▶ [DIRECTIONS FOR THIS TASK]
Begin at the line below that has "Tufted Solid Wood" and stop after the line that has "Velkommen til Lilleby". Please restate only those lines, word for word.

▶ [SUPPLIED DATA]
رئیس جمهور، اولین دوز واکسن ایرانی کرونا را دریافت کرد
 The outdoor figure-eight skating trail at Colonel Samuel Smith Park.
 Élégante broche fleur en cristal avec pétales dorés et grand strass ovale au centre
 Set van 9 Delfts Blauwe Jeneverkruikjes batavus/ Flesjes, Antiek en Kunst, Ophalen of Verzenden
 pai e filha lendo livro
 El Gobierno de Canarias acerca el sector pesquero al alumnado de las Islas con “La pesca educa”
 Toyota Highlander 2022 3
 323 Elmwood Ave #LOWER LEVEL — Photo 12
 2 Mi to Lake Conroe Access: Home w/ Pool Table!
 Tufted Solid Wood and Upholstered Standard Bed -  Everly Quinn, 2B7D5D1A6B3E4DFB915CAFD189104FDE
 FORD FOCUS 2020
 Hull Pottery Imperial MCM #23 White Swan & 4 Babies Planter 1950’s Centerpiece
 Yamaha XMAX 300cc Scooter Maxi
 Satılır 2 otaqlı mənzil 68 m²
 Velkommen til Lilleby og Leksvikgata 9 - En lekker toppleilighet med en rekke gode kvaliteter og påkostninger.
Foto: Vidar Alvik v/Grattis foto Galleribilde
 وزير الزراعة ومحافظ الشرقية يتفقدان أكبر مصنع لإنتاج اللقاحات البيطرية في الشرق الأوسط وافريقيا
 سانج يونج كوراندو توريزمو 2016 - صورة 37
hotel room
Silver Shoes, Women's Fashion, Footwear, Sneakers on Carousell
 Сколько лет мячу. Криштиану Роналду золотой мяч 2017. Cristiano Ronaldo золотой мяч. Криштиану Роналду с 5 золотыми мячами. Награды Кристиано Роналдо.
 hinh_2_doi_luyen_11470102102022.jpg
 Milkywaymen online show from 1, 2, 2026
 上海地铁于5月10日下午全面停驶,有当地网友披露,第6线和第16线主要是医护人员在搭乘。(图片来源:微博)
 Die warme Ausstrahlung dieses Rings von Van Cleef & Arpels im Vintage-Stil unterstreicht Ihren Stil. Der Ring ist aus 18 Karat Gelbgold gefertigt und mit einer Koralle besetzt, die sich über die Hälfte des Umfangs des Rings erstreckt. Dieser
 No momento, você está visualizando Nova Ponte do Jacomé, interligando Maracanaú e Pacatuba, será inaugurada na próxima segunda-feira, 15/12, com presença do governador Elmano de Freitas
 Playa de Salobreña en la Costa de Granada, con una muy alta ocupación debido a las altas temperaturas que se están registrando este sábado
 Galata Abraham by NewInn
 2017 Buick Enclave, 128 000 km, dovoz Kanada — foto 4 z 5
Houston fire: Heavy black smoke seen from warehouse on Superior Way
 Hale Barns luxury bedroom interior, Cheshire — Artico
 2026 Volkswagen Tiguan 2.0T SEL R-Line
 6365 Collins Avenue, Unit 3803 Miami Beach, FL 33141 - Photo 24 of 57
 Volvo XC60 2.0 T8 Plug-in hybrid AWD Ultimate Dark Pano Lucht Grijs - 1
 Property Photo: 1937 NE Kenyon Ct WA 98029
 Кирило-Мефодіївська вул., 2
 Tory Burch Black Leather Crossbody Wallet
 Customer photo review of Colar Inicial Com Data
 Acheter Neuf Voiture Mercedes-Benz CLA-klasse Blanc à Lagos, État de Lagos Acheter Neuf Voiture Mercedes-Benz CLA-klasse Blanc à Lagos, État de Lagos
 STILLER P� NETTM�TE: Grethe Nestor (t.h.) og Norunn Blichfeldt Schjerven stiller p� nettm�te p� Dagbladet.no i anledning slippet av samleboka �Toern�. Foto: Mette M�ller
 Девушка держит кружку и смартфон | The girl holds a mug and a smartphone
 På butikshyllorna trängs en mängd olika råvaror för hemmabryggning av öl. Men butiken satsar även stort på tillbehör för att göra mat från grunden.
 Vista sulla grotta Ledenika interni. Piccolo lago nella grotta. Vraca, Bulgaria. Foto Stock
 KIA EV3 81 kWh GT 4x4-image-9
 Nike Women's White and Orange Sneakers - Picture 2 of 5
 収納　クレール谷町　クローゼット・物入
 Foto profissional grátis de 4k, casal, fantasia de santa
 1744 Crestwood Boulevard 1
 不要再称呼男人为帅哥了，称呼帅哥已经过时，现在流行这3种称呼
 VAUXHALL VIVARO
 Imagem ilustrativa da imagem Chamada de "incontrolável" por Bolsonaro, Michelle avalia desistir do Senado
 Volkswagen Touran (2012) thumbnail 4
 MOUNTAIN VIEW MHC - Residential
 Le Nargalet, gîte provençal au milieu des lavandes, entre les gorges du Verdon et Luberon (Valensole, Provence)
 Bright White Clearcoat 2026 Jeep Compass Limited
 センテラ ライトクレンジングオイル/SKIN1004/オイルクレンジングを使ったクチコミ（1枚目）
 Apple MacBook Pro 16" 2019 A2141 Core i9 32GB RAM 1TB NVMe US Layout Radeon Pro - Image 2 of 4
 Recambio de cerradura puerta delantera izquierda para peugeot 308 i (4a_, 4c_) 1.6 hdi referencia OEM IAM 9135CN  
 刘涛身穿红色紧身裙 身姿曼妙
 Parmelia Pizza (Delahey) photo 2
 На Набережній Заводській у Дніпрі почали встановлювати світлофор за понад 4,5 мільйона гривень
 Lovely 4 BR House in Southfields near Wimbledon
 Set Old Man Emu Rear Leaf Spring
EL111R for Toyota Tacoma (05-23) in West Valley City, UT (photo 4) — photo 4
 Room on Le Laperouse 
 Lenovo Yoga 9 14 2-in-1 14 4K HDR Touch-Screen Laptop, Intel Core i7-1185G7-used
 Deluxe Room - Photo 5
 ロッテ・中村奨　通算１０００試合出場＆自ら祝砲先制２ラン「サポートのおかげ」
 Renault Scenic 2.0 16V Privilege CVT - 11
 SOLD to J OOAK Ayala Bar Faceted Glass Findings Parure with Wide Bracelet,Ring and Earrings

▶ [COMPLETED EXERCISE]
 Tufted Solid Wood and Upholstered Standard Bed -  Everly Quinn, 2B7D5D1A6B3E4DFB915CAFD189104FDE
 FORD FOCUS 2020
 Hull Pottery Imperial MCM #23 White Swan & 4 Babies Planter 1950’s Centerpiece
 Yamaha XMAX 300cc Scooter Maxi
 Satılır 2 otaqlı mənzil 68 m²
 Velkommen til Lilleby og Leksvikgata 9 - En lekker toppleilighet med en rekke gode kvaliteter og påkostninger.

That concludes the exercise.